Are you paying more for your online shopping than your friend, next door neighbour or colleague? Well, consumer watchdog the Office of Fair Trading (OFT) certainly thinks that could be the case.
Along with US counterparts at the Federal Trade Commission, OFT is now investigating whether customers shopping on the internet could be asked to pay higher prices because of the websites they have visited previously or because of the gadgets and gizmos they own.
There are fears that retailers could show higher prices to shoppers using expensive gadgets to spend their online pounds, like an Apple iPad or top-of-the-range Samsung tablet.
Information is gathered about internet users’ browsing habits through cookies, where data is sent from a website to be stored in a web browser. When that user goes back to the same website, the stored data is retrieved to tell the website about the previous activity.
But the fact websites can collate such data from consumers and potentially use it to tailor not just what information or offers individuals see on a particular site, but to perhaps change prices for different people, has led to the launch of the current investigation.
Amazon famously tried out personalised pricing but CEO Jeff Bezos has since admitted the “experiment” was a mistake. It’s easy to see how websites could change prices depending on who is viewing the site though. Amazon, for example, still carefully tracks details about what you buy and collects information about your purchasing habits, identifying your interests, whether you perhaps have children you buy for and whether you are likely to buy after browsing. You are then presented with recommendations in a bid to persuade you to part with your cash, based on previous purchases.

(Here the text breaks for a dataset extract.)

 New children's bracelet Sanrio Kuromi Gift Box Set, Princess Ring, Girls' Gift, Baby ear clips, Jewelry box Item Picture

Clive Maxwell, who is chief executive at the OFT said it was important to understand what websites were using collected data for. “Innovation online is an important driver of economic growth,” he said, adding: “Our call for information forms part of our ongoing commitment to build trust in online shopping so that consumers can be confident that businesses are treating them fairly.

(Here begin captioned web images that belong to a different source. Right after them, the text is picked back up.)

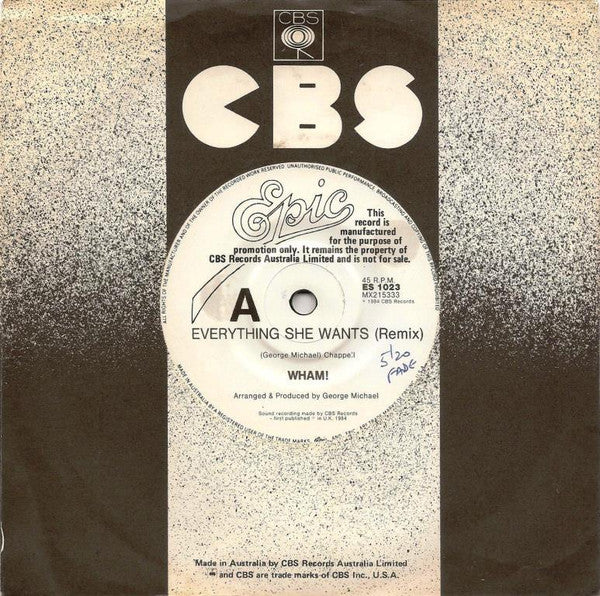 Wham! – Everything She Wants (Remix) 7" vinyl record, image 3 of 4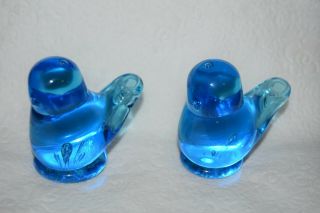 2 - Vintage Blue Birds Of Happiness Glass 1989 Ron Ray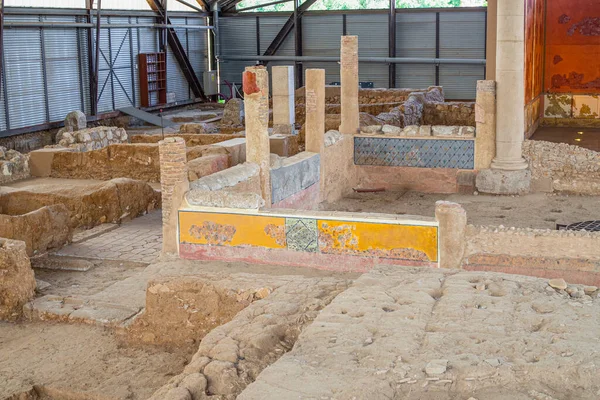 Szczegóły Domu Griffinów Jeden Najbardziej Znanych Pozostałości Archeologicznym Miejscu Complutum — Zdjęcie stockowe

“We know that businesses use information about individual consumers for marketing purposes. This has some important potential benefits to consumers and firms.

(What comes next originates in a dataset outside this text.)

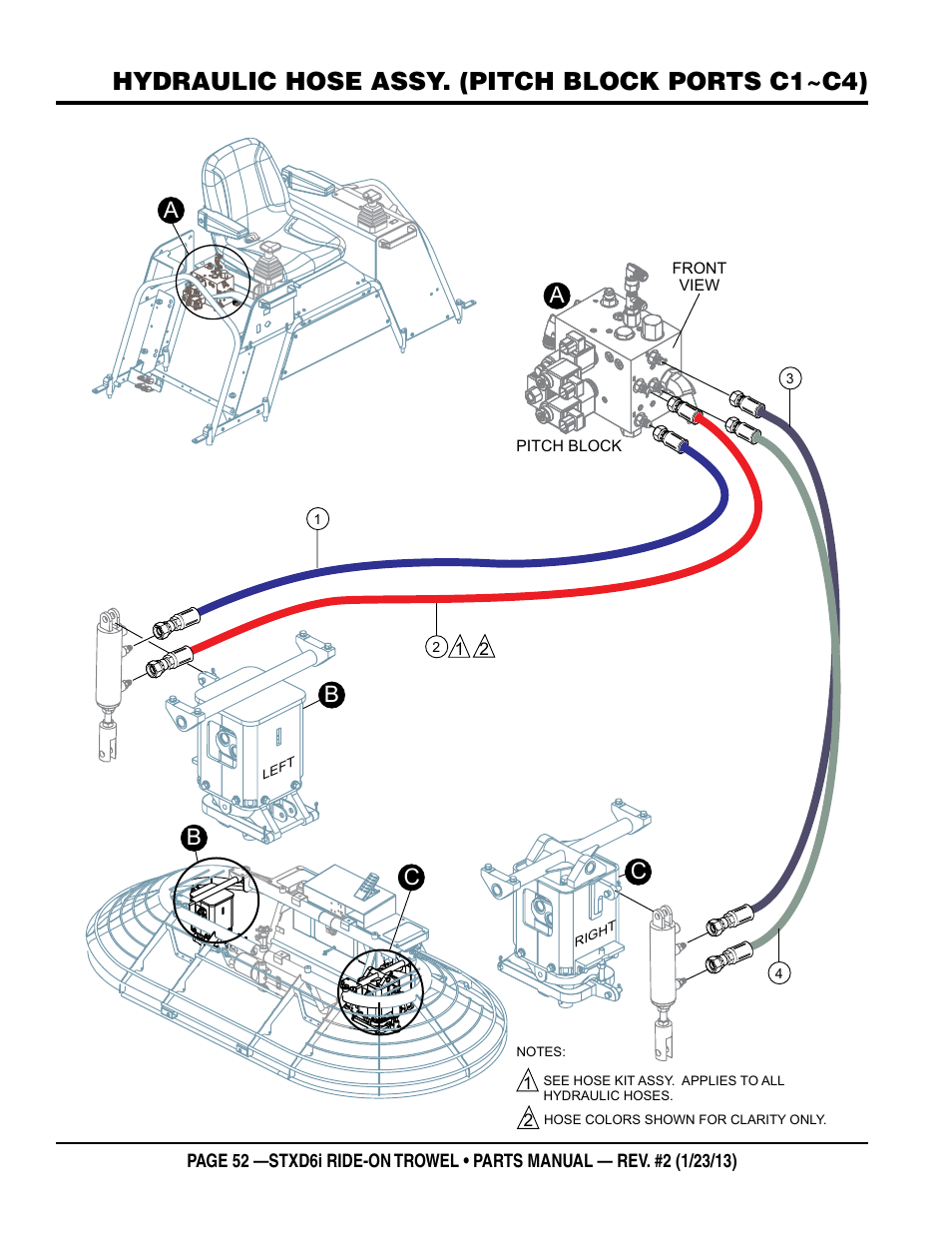 Hydraulic hose assy. (pitch block ports c1~c4), Ab b c c | Multiquip STXD6i User Manual | Page 52 / 102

“But, the ways in which data is collected and used is evolving rapidly and it is important we understand what control shoppers have over their profile and whether firms are using shoppers’ profiles to charge different prices for goods or services.”
It’s the second time the OFT has looked at the issue of online personalisation, having published a report in May 2010 when it said it could find no evidence, at the time, of market wrongdoing. But, because technological advancements move so quickly, the watchdog promised to keep a “watching brief”.
It’s good to know someone is looking after consumer interests. But, if you are worried about the information sites are gathering about you, you can always use your menu options to clear cookies from your computer.